今年の神戸弘陵は仲が良い代で、選手それぞれがチームに並々ならぬ愛着を抱いているが、田平の想いは人一倍強い。「この仲間でプレーできるのも選手権が最後なので、1日でも長く皆とプレーしたい。そのためには、まず自分が楽しむのを大事にしている」と話す通り、人生初の大舞台にも関わらず堂々としたプレーを続ける原動力になっている。
明秀日立と激突したこの日も存在感は抜群だった。前半は、ロングボールを徹底した相手の攻撃を持ち味である競り合いの強さで跳ね返し続け、「ヘディングは僕の強みで、絶対に負けてはいけない部分。今日は競り負けなかったので、違いは出せたと思う」と胸を張る。もう一つの特徴である左足で対角に入れるフィードは、田平がボールを持ったら左のウイングバックが引き気味の位置を取るなど警戒された。だが、立ち上がりにあえて見せ球としてロングフィードを放り込むことで相手のラインを下げ、自陣でパスを繋ぎやすい状況を作るなど工夫を凝らした。蹴り合いにならず、神戸弘陵らしいパス回しで自分たちの土俵に持ち込めたのは、彼を中心としたDFラインのおかげだと言っても過言ではない。
プロ内定選手としての実力を示す一方で、2点リードで迎えた後半は逆転を狙った相手に押し込まれる時間が増えた。後半12分にはクロスからヘディング弾を決められ、明秀日立にゴールを献上。試合終了間際には、バイタルエリアでのこぼれ球に対する反応が遅れ、目の前で打たれたシュートを決められた。2試合連続での2失点とあり、悔しさは強い。
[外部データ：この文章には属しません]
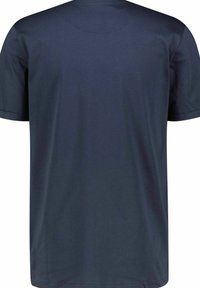 Marineblaue Rundhals-T-Shirt aus weichem Baumwollmaterial. Mit kurzen Ärmeln, geradem Schnitt und glatter Textur mit minimalen Nähten.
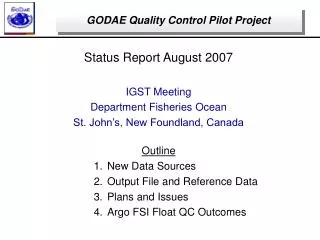 GODAE Quality Control Pilot Project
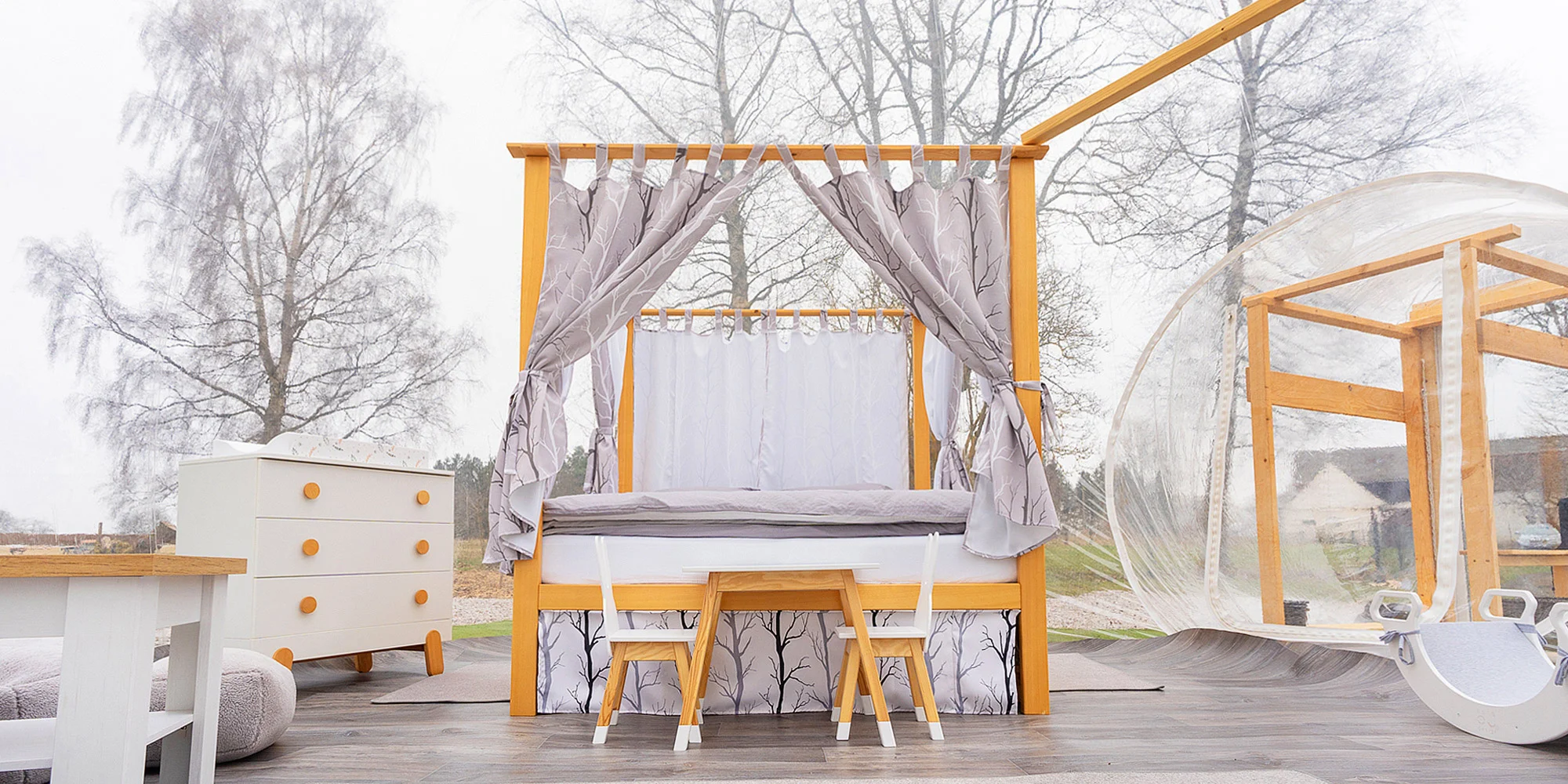 Parádní glamping V bublině: neomezený relax v sauně a výhled na hvězdy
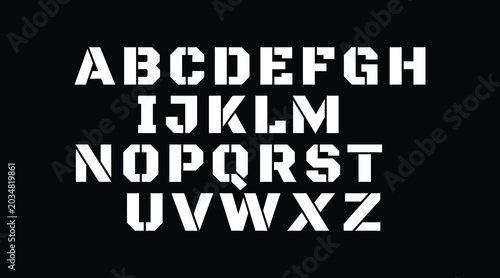 Schilderij op canvas Uppercase stencil font alphabet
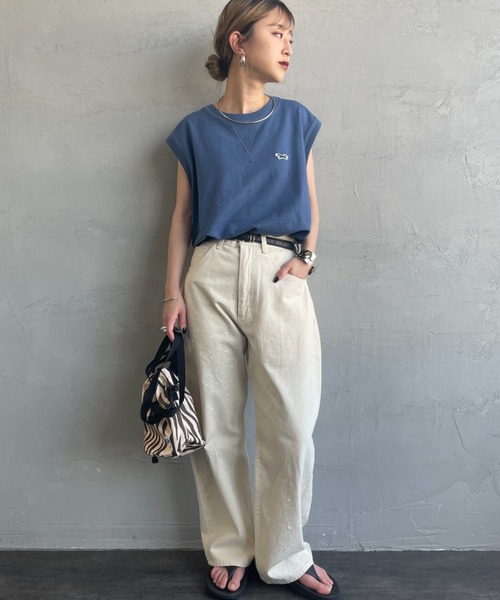 TOWNCRAFT（タウンクラフト）の「[TOWN CRAFT/タウンクラフト・THE FOX/ザフォックス] 別注 ワンポイントロゴワッペン ミニ裏毛 ノースリーブTシャツ（Tシャツ/カットソー・レディース・チャコールグレー/ライトグレー/ブルー・S/M）」の5枚目の写真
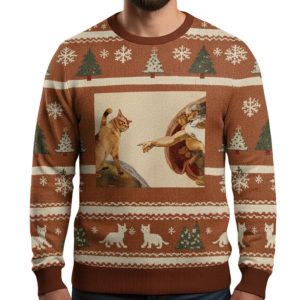 Cat God Creation Of Adam Meme Christmas Ugly Sweater 1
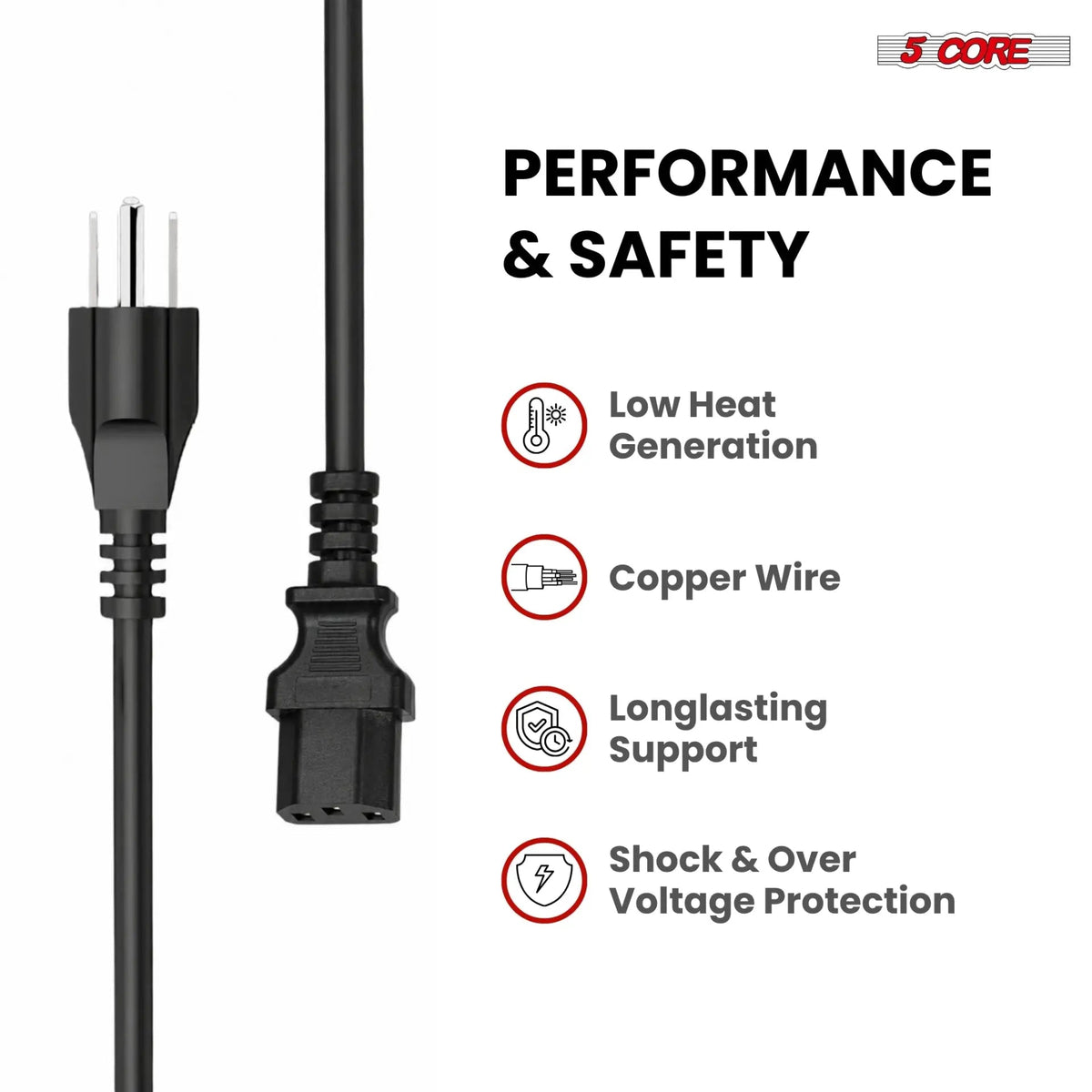 5 Core 3 Prong AC Laptop Notebook Power Cord 10Ft Universal Replacement Computer Cable - HONORABLE VETERANS SOLUTIONS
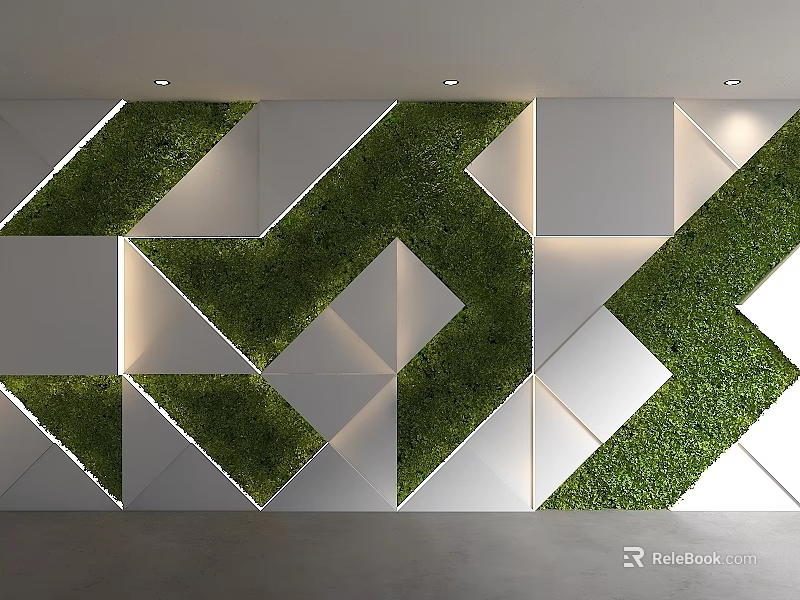 Modern Feature Wall With Green Plant Sections And White Geometric Patterns 3d model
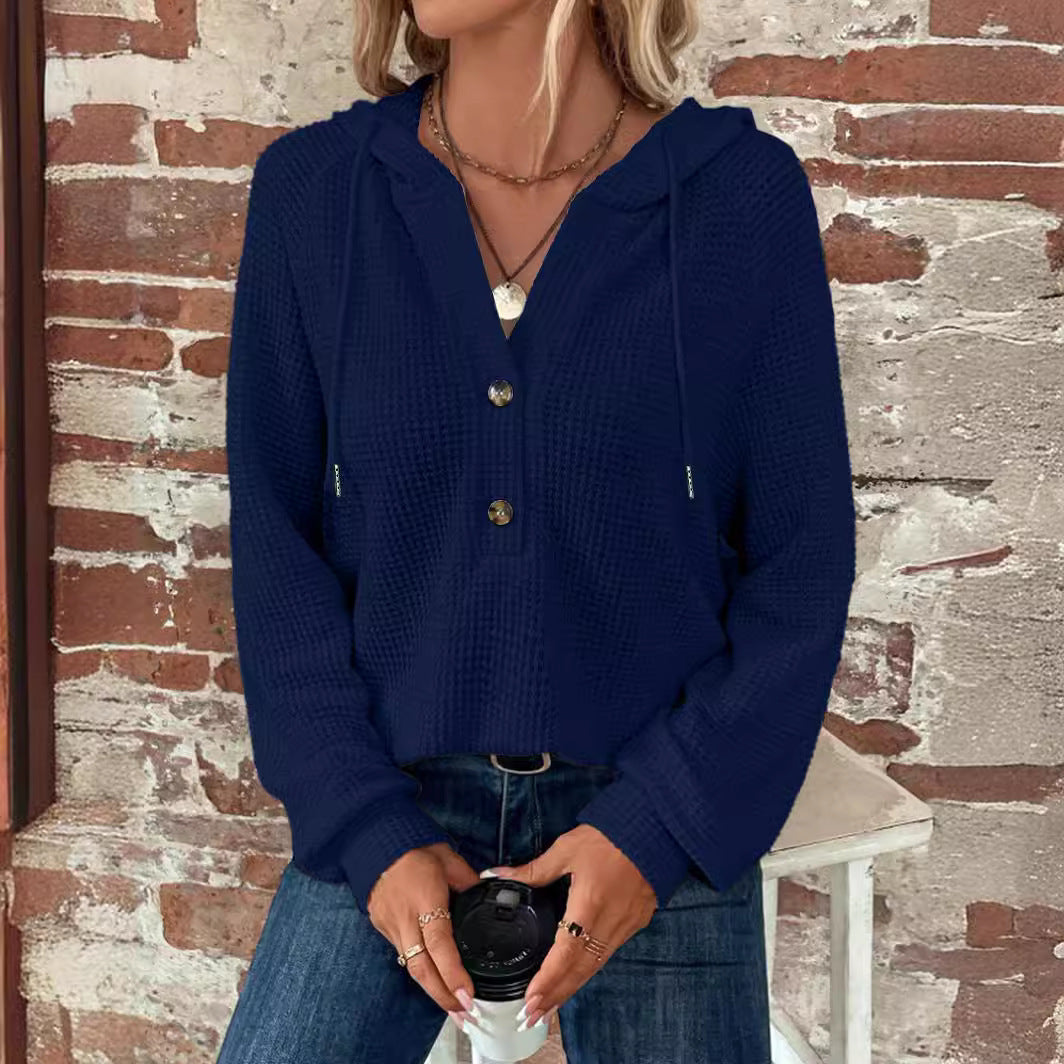 Damen Waffelstrick Kapuzenpullover mit Knopfleiste und Rüschenkragen Drune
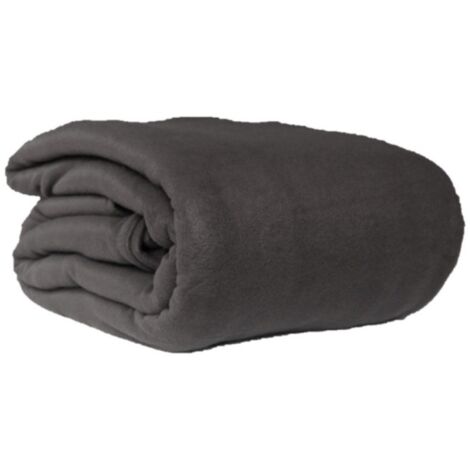 Couverture polaire 220x240 gris souris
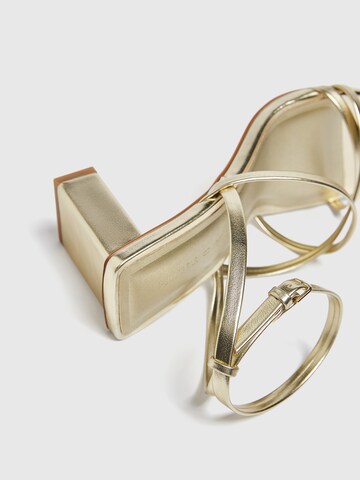 Pull&Bear Strap Sandals in Gold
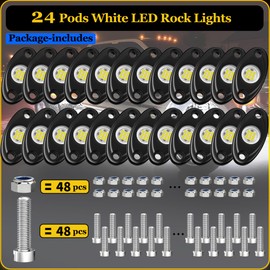 24 Pods White Rock Lights, Heefrole IP68 Waterproof Shakeproof Wide Angle Anti-Corrosion Pure White LED Rock Lights for Trucks Jeep UTV ATV SUV Boat Underglow Lighting Kit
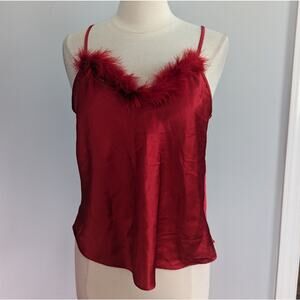 Vintage Women's Kascara Lingere Red Feather Silky Blouse Approx Medium - Large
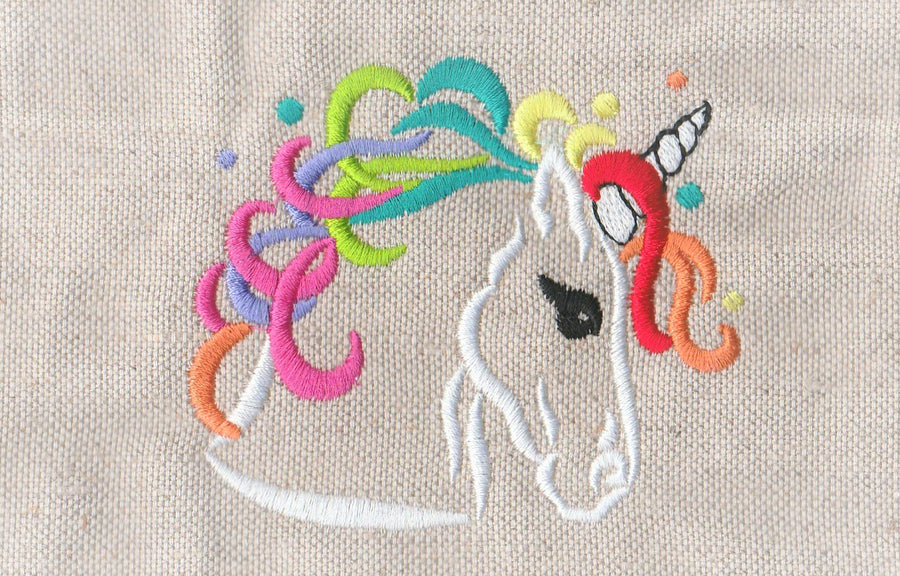 Rainbow Unicorn head colorful curl hair applique machine embroidery designs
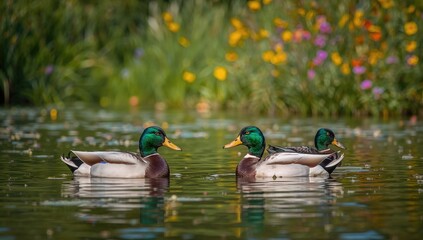 Obraz premium Serene mallard ducks in a summer setting, showcasing tranquility in nature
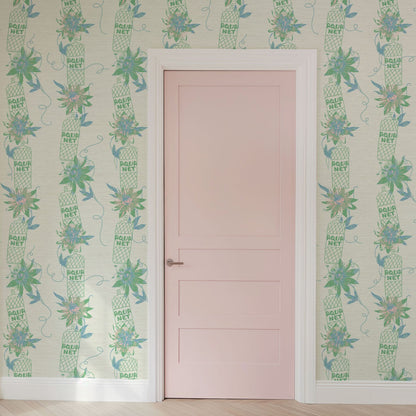 white based printed grasscloth wallpaper with vertical stripes made up of aqua net hairspray bottles lined up with big flowers in between. aqua net hairspray beauty bar salon medspa  Grasscloth wallpaper Natural Textured Eco-Friendly Non-toxic High-quality  Sustainable Interior Design Bold Custom Tailor-made Retro chic tropical jungle kids bathroom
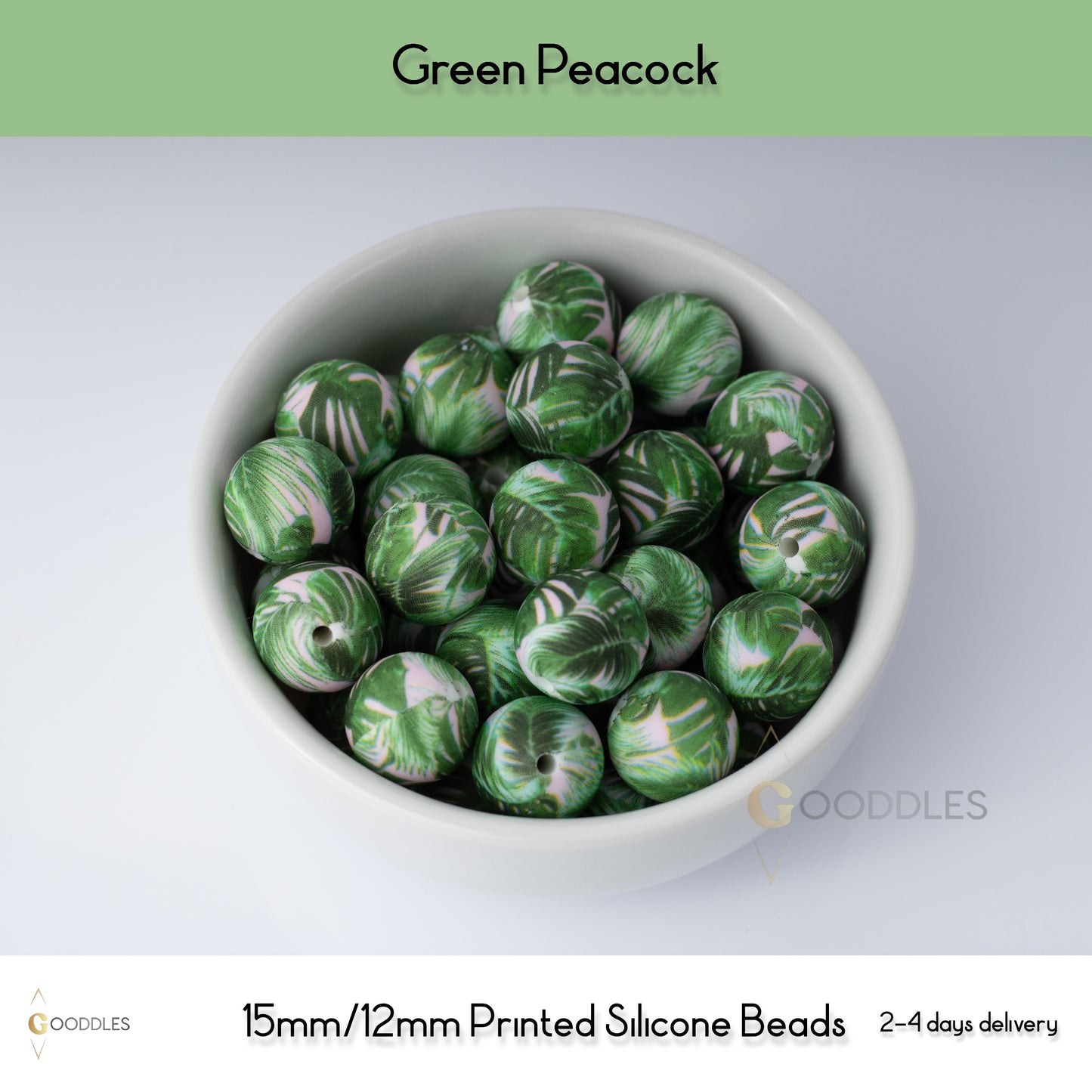 Green Peacock Silicone Beads Printed Round Silicone Beads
「立ち上がりに先制出来て、1-0で折り返せたのは良かったけど、後半の苦しい展開で失点してしまった。そこで3点目を獲れたのも良かったけど、最後にまた失点したのは反省点。CBで試合に出ると失点ほど悔しい物はない。試合に負けるくらい悔しいし、2失点目はスライディングすれば間に合いそうだったけど、出足に遅れて股下にボールが通って行った。勝った嬉しさはあるけど、そこが心残り」
失点続きの守備は改善点ではあるが、前向きに捉えれば県予選からずっと1点差の勝利を掴めている点はプラス材料。「1点差で勝てているのは厳しい試合を勝ち抜けているということ。チームとして勢いに乗れる。今まではプリンスリーグで勝てていなくて、苦しい展開になると気落ちしていたけど、跳ね返せるようになって自信がついてきた」というチームとしての勢いは確かだ。
3回戦では、3人ものプロ内定選手を揃え、優勝候補の一角と目される帝京長岡高と激突する。特にU-18日本代表でチームメイトになったFW晴山岬(3年、FC町田ゼルビア内定)とのバトルは、勝敗の行方を左右する大きなポイントで、「マッチアップしたら抑えたい」と意気込む。神戸弘陵のプライドと胸に背負って戦うからには、まだ負けるのは早すぎる。次戦以降も田平は最終ラインで存在感を示し、勝利に導くつもりだ。